Ultimate Travel Guide to Guilin China: Best Scenery, Food & 6-Day Itinerary


They say "Guilin’s scenery is the best under heaven" (Guilin shanshui jia tianxia), a phrase I had heard a thousand times before I ever set foot on this magical land. But no amount of poetry could prepare me for the moment I actually stood there, surrounded by those karst peaks rising abruptly from the ground like jade hairpins dropped by a celestial giant.

As a veteran traveler who has traced the veins of China from the icy north to the tropical south, I invite you to walk with me through my journey in Guilin. This isn't just a sightseeing trip; it is a culinary pilgrimage and a deep dive into a lifestyle so romantic and leisurely, it feels like a dream.

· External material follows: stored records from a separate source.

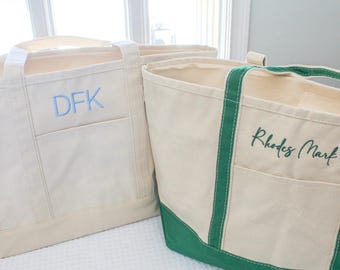 Canvas Boat Tote Bag | Personalized Tote | Monogram Tote | Personalized Gifts | Bachelorette Gifts | Embroidered Travel Bag | Summer Tote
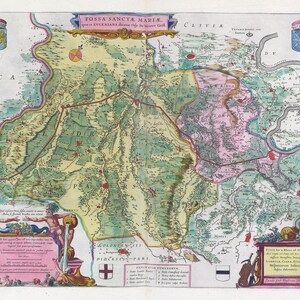 Países Bajos, Fossa Sanctae Mariae,1665, Blaeu auth., mapa sobre lienzo de algodón pesado, 50 x 70 cm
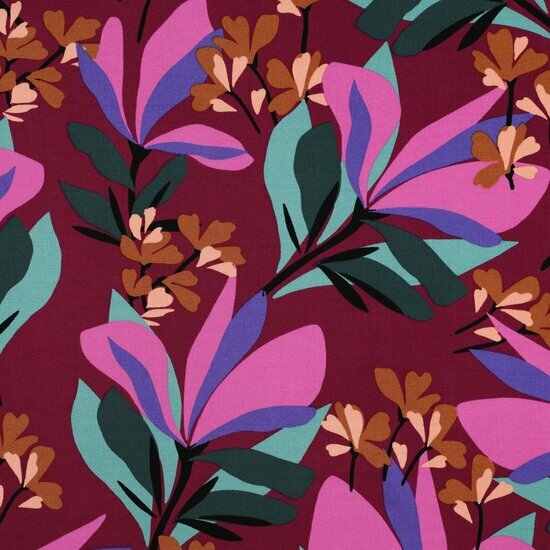 Viscose Stretch - Spring Garden - Pruim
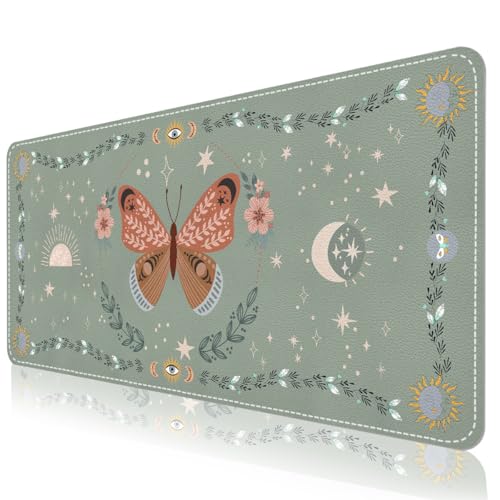 DINKY Leather Desk Pad, Green Butterfly Laptop Computer Desk Keyboard Mat, Table Protector Blotter Mat, Non-Slip Large Mouse Pad for Office/Work/Home 35.4" x 15.7" - color: Green Butterfly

The Arrival – Touching Down in a Painting

The Journey Begins

My journey began with a flight into Guilin Liangjiang International Airport. As the plane descended, I peered out the window. Even from the air, the landscape was distinct—endless clusters of green hills piercing the mist.

Traveler’s Note on Logistics: If you are planning your own escape here, the logistics are surprisingly smooth.

  • By Air: Once you land at Liangjiang Airport, you are about 30 kilometers from the city center. I hadn't booked a guide beforehand, so I had a few options. A taxi to the city costs around 100–120 CNY. If you are adventurous and want to save a bit, a ride-share (like Didi) is about 80 CNY.
  • Airport Bus: For the solo traveler on a budget, the airport bus is fantastic. It’s only 20 CNY/person to downtown Guilin (approx. 50 minutes). Interestingly, there are also direct buses to Yangshuo (90km away) for 50 CNY/person (approx. 1.5 hours), which is a steal compared to the 220 CNY taxi fare.
  • By Train: If you are coming by high-speed rail, pay attention to your station. There are three: Guilin North (Bei), Guilin Station, and Guilin West (Xi). Guilin Station is the most central.

Since my flight arrived in the late afternoon, I followed the golden rule of Guilin travel: If arriving late, stay in Guilin city for the night. I took a taxi, watching the modern highways slowly give way to streets lined with Osmanthus trees.

The First Taste: A City that Smells of Rice

I dropped my bags at my hotel near the Two Rivers and Four Lakes area and immediately headed out. The air here is humid and sweet. My stomach was growling, and there was only one remedy: Guilin Rice Noodles (Mifen).

I found a small, unassuming shop on a side street. This is where the magic happens. I ordered a bowl of "dry mix" noodles. The white, round noodles were buried under a heap of roasted pork, crispy soybeans, pickled cowpeas, and chopped scallions. The secret, however, is in the brine—a dark, savory reduction that smells of star anise and cinnamon. Mixing it all together, the first bite was an explosion of textures: the crunch of the beans, the snap of the pickles, and the silky smoothness of the fresh rice noodles. It was the taste of the city itself—ancient, complex, and humble.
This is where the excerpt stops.